2 The procedure

2.1 Indications and current treatments

2.1.1

Chest wall injury is common as a result of major blunt trauma (for example, motor vehicle accidents). It varies in severity from minor bruising or an isolated rib fracture, to severe crush injuries leading to respiratory compromise.

2.1.2

A flail chest occurs when a segment of the thoracic cage moves independently from the rest of the chest wall. A flail chest causes paradoxical movement of this segment of the chest wall – in-drawing on inspiration and moving outwards on expiration – and this segment of chest wall fails to contribute to lung expansion. Flail chest has been defined in a variety of ways, but at least 2 fractures per rib in at least 2 ribs are needed to produce a flail segment. Large flail segments may extend bilaterally or involve the sternum, and may compromise respiration sufficiently to require mechanical ventilation.

2.1.3

Management of chest wall injury is directed towards protecting the underlying lung, achieving adequate ventilation and oxygenation, and preventing infection. Analgesia sufficient to allow normal respiration and coughing may be adequate for mild cases. More severe cases require ventilatory support, and suction to remove mucus or secretions from the airways to prevent atelectasis.

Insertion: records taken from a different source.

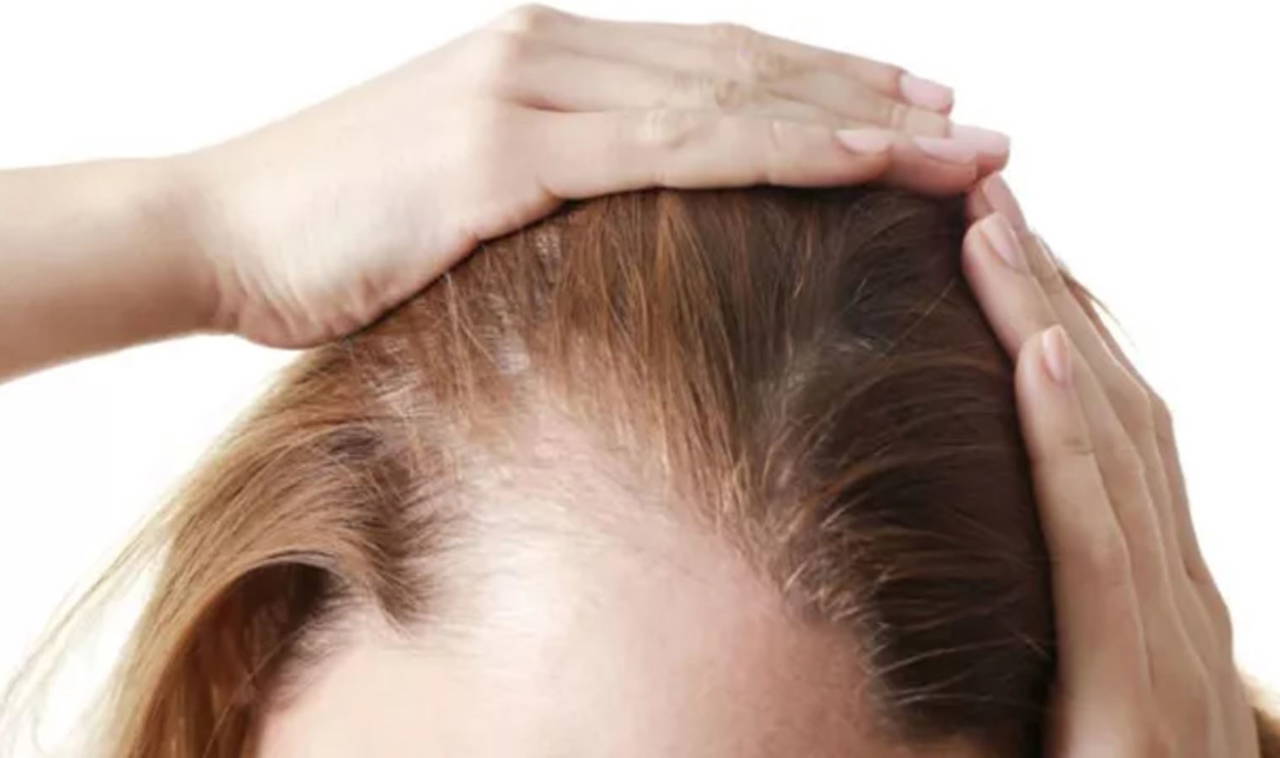 Cilt sağlığını bozuyor, erken yaşlanmaya sebep oluyor: Stresin sebep olduğu 6 cilt hastalığı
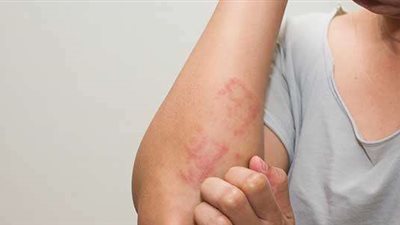 مرض غريب ونادر| أمريكي يعاني من حساسية الخضراوات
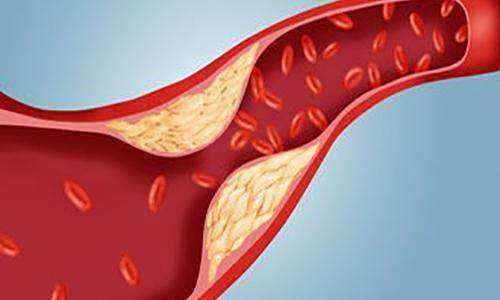 血管硬化_血管硬化怎么治最好的方法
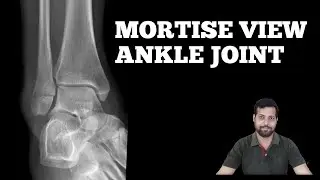 HOW TO DO MORTISE VIEW. #anatomy #xrayclasses #mortise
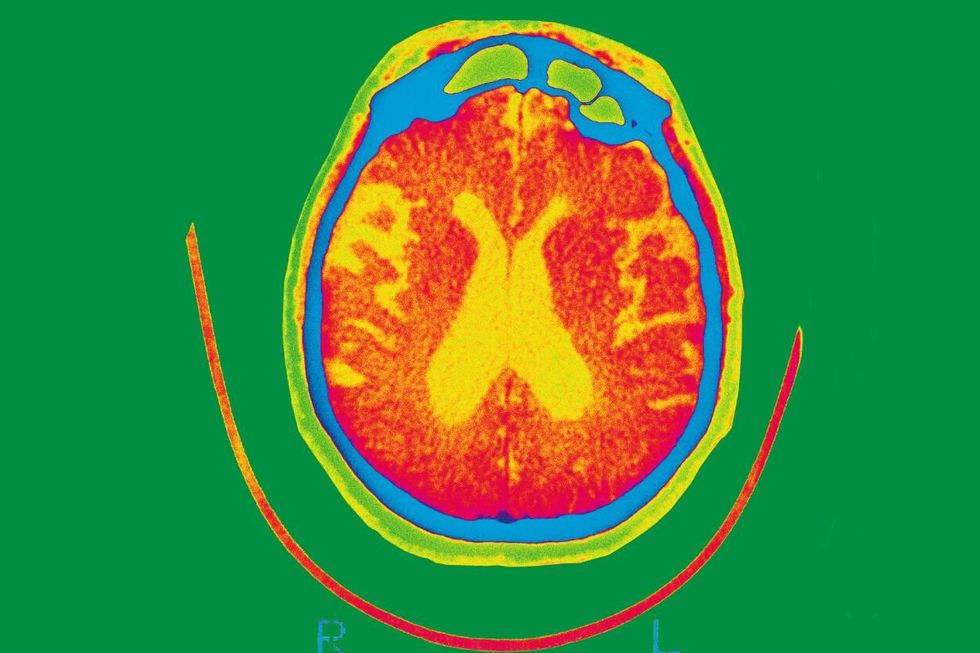 BRAIN SCAN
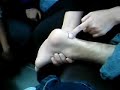 ?????-??-traction.medial.lateral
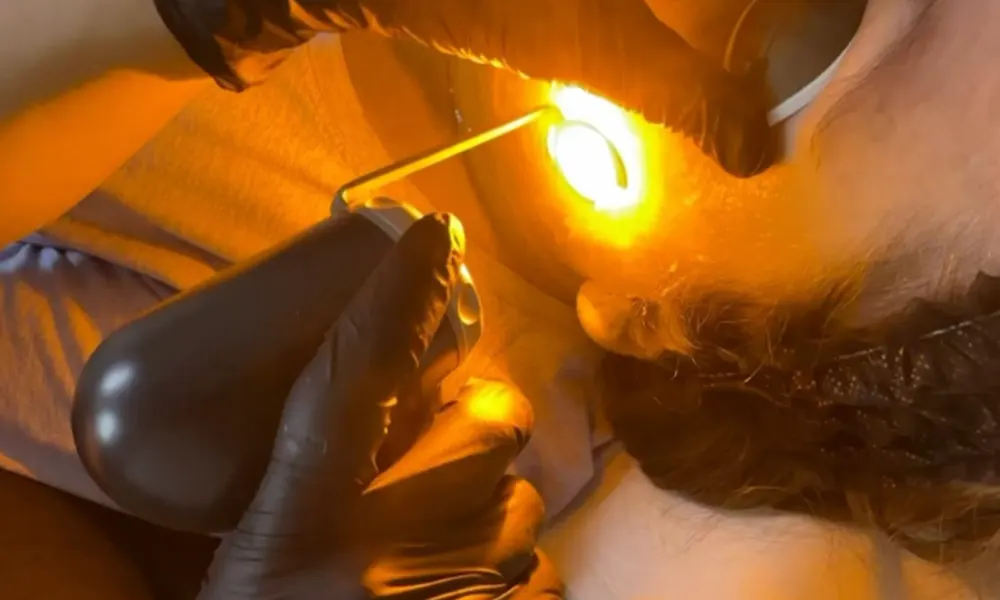 advatx laser before and after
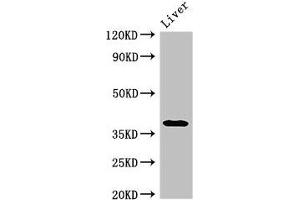 Western Blot Positive WB detected in: Rat liver tissue All lanes: PRKAG1 antibody at 3 μg/mL Secondary Goat polyclonal to rabbit IgG at 1/50000 dilution Predicted band size: 38, 35, 39 kDa Observed band size: 38 kDa (PRKAG1 抗体  (AA 1-331))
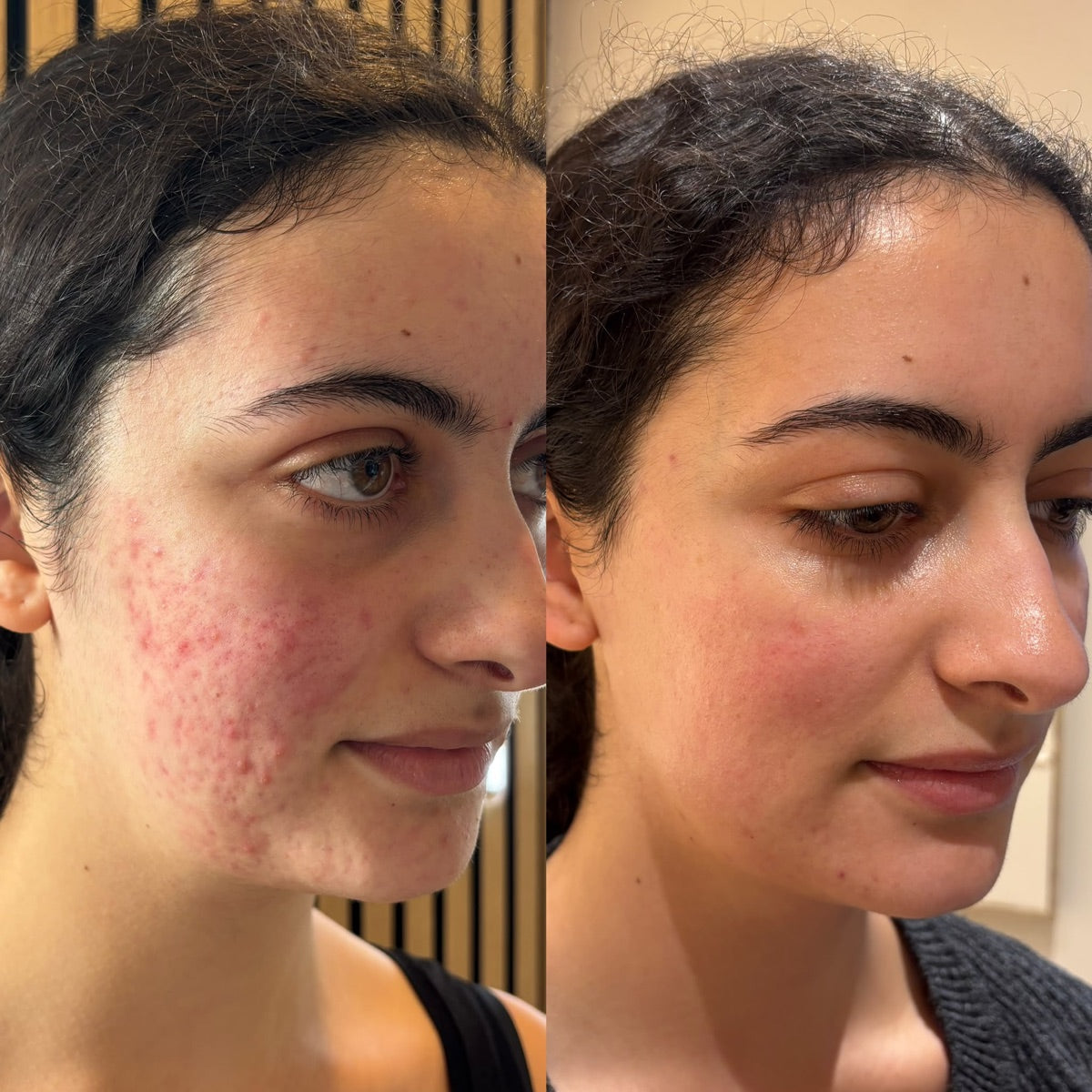 Acne scarring — before and after at The Face Tonic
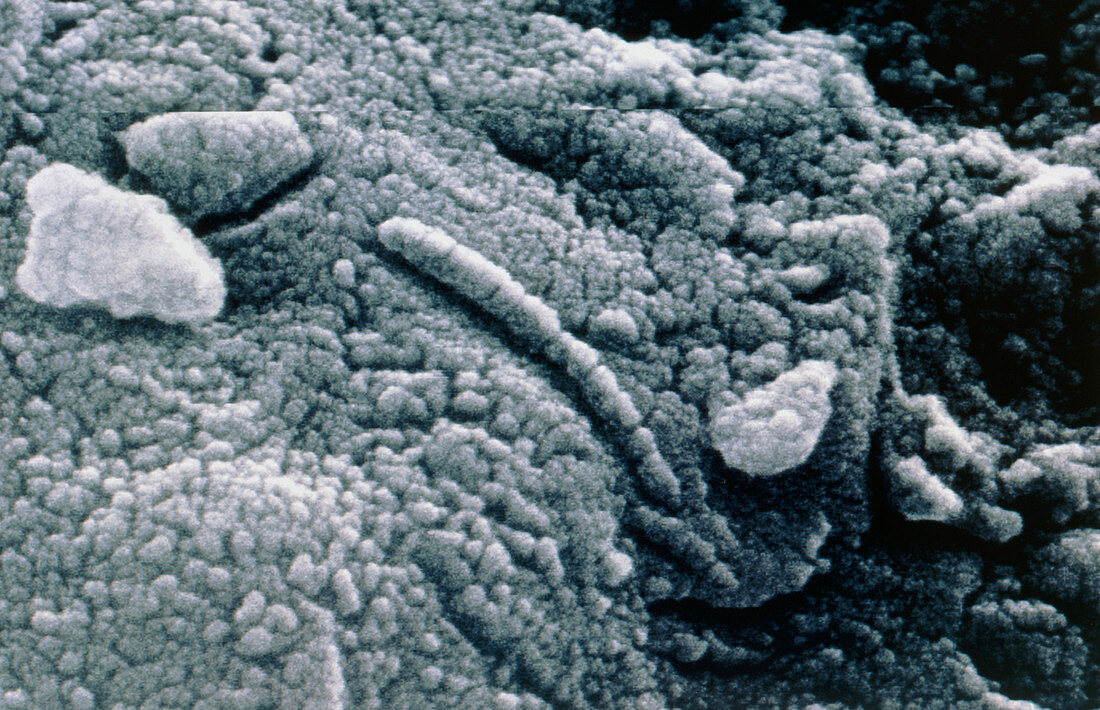Electron micrograph of Martian microfossil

2.2 Outline of the procedure

2.2.1

Surgical stabilisation with metal rib reinforcements aims to allow earlier weaning from ventilator support, reduce acute complications, and avoid chronic pain sometimes associated with permanent deformity of the chest wall.

2.2.2

With the patient under general anaesthesia, an incision is made over the rib fractures to be treated, and the fractured ribs are reduced. The affected ribs are stabilised using struts or metal plates, fixed with screws or intramedullary wires. These metal plates and screws are usually left in place in the long term.

2.2.3

There are many variations in the materials and techniques used to stabilise flail chest with metal rib reinforcements. It should be noted that Kirschner wires, used alone, are not covered by this guidance.

2.3 Efficacy

Sections 2.3 and 2.4 describe efficacy and safety outcomes from the published literature that the Committee considered as part of the evidence about this procedure. For more detailed information on the evidence, see the overview.

2.3.1

A randomised controlled trial (RCT) of 37 patients treated by surgical stabilisation (n=18) or mechanical ventilation (n=19) reported a significantly lower proportion of patients with pneumonia at day 21 in the surgical stabilisation group compared with the mechanical ventilation group (22% [4 out of 18] versus 89% [17 out of 19]; p<0.05).

2.3.2

The RCT of 37 patients reported a mean critical care stay of 16.5 days in the surgical stabilisation group and 26.8 days in the mechanical ventilation group (p<0.05).

2.3.3

The RCT of 37 patients treated by surgical stabilisation (n=18) or mechanical ventilation (n=19) reported a mean percentage of forced vital capacity at 12 months of 96% and 80% respectively (p<0.05). A case series of 66 patients reported that 52% (26 out of 50) of patients had normal pulmonary function at 6-month follow-up.

2.3.4

The RCT of 37 patients reported that a significantly higher percentage of patients had returned to full-time employment at 6 months in the surgical group compared with the mechanical ventilation group (61% [11 out of 18] versus 5% [1 out of 19]; p<0.01).

2.3.5

The Specialist Advisers listed additional key efficacy outcomes as survival, duration of ventilation, long-term stabilisation of chest wall, reduced pain and patient satisfaction.

2.4 Safety

2.4.1

Death was reported in 30% (3 out of 10) of patients with pulmonary contusion treated by surgical stabilisation in a non-randomised comparative study of 42 patients. Of these deaths, 2 were from massive haemorrhage and 1 was from sepsis with multi-organ failure. No deaths were reported in patients without pulmonary contusion who were treated by surgical stabilisation.

2.4.2

Persistent pain at the operative site was reported in 11% (6 out of 57) and 24% (5 out of 21) of patients in a case series of 66 patients at 6-month follow-up and a case series of 23 patients at 3-month follow-up respectively. This improved in 3 and 2 patients respectively after stabilisation plates and screws were removed at 6 months.

2.4.3

The Specialist Advisers considered theoretical adverse events to include migration of metalwork, fracture of stabilisers, lung injury from stabilisers, screw loosening or separation, infection and allergy.